Lies, Damn Lies and Poverty Statistics
How an archaic measurement keeps millions of poor Americans from being counted
By Christopher Moraff
What shape Bush has in mind is clear. While the administrators of the president’s economic policies champion 11 consecutive quarters of GDP growth, Bush-mandated tax cuts ensure that the government will continue to make less while the rich and large corporations eagerly fill their coffers. In 2005, federal revenues were just 17.5 percent of GDP, 1 percent less than the previous 50-year average. By contrast, the Feb. 12, 2005 Economist reported that in 2004, after-tax corporate profits reached their highest level as a proportion of GDP in 75 years.

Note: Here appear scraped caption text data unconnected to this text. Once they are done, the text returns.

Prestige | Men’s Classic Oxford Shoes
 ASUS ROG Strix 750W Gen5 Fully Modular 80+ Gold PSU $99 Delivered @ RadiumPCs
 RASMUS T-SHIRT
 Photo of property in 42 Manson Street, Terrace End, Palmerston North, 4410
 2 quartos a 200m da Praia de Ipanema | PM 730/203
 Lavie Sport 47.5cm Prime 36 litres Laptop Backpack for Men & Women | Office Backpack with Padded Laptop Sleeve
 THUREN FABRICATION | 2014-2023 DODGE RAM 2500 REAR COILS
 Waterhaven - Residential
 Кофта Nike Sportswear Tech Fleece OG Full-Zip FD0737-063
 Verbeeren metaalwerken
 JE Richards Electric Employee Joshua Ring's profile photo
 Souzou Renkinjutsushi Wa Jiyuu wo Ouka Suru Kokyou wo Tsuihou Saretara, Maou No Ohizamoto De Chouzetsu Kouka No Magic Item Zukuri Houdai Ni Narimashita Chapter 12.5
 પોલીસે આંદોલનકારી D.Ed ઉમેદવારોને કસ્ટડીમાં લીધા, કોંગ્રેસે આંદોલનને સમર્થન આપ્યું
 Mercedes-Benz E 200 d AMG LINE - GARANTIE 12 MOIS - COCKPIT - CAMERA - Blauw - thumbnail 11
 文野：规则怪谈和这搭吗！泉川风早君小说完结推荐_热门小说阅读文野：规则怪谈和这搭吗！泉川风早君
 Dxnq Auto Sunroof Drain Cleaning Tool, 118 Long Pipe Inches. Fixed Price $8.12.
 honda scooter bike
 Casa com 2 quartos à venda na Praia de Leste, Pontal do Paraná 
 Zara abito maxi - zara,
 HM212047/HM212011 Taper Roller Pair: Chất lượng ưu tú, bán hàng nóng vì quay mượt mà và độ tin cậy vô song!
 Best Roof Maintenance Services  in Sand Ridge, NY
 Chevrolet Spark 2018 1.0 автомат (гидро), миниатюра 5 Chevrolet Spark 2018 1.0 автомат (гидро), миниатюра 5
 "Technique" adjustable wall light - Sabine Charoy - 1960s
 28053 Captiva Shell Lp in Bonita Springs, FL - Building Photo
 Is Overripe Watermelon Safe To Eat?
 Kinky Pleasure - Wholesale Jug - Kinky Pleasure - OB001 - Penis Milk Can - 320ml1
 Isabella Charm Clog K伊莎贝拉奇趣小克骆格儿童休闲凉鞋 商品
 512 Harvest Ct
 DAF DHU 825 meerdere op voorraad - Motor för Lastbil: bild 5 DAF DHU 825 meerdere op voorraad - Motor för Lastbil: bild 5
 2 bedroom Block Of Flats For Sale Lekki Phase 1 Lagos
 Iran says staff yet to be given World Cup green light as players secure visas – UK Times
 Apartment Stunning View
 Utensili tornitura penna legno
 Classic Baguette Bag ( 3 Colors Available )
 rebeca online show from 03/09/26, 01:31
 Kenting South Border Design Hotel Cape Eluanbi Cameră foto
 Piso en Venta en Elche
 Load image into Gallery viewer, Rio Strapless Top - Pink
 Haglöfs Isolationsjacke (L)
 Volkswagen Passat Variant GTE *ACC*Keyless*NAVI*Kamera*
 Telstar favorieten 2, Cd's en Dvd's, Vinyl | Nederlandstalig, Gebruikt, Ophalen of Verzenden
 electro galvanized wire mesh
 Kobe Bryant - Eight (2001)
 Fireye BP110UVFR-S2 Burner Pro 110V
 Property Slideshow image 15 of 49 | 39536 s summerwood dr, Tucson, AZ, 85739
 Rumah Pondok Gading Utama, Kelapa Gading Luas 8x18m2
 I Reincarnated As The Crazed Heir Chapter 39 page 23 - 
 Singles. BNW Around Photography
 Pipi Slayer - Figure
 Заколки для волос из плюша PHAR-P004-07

In the meantime, everyday Americans are spending more than they make. For the second straight year, personal savings have been in the red, a phenomenon that has only happened once before, at the height of the Great Depression. Research conducted by the Economic Policy Institute shows that the indebtedness of U.S. households has risen nearly 36 percent over the last four years. As a result, the gulf between the “haves” and “have nots” is reaching crisis proportions.
Compounding the crisis is an archaic method for determining America’s poverty rate, which is then used to formulate the funding of programs that alleviate poverty. When President Bush sat down with his advisors to draft his FY 2007 budget, it’s debatable whether he took the time to examine the national poverty statistics provided each year by the Census Bureaus. What’s not debatable is that the Census Bureau’s methodology is woefully inadequate.
The current method for measuring poverty in the United States was developed in 1963 by a young statistician for the Social Security Administration named Mollie Orshansky. Using data from a 1955 Department of Agriculture survey, Orshansky developed a set of thresholds that set a poverty line at three times the annual cost of feeding a family of three or more under Agriculture’s “low-cost budget.” She developed the thresholds purely for her own research and said at the time that her data’s limitations would yield a “conservative underestimate” of poverty.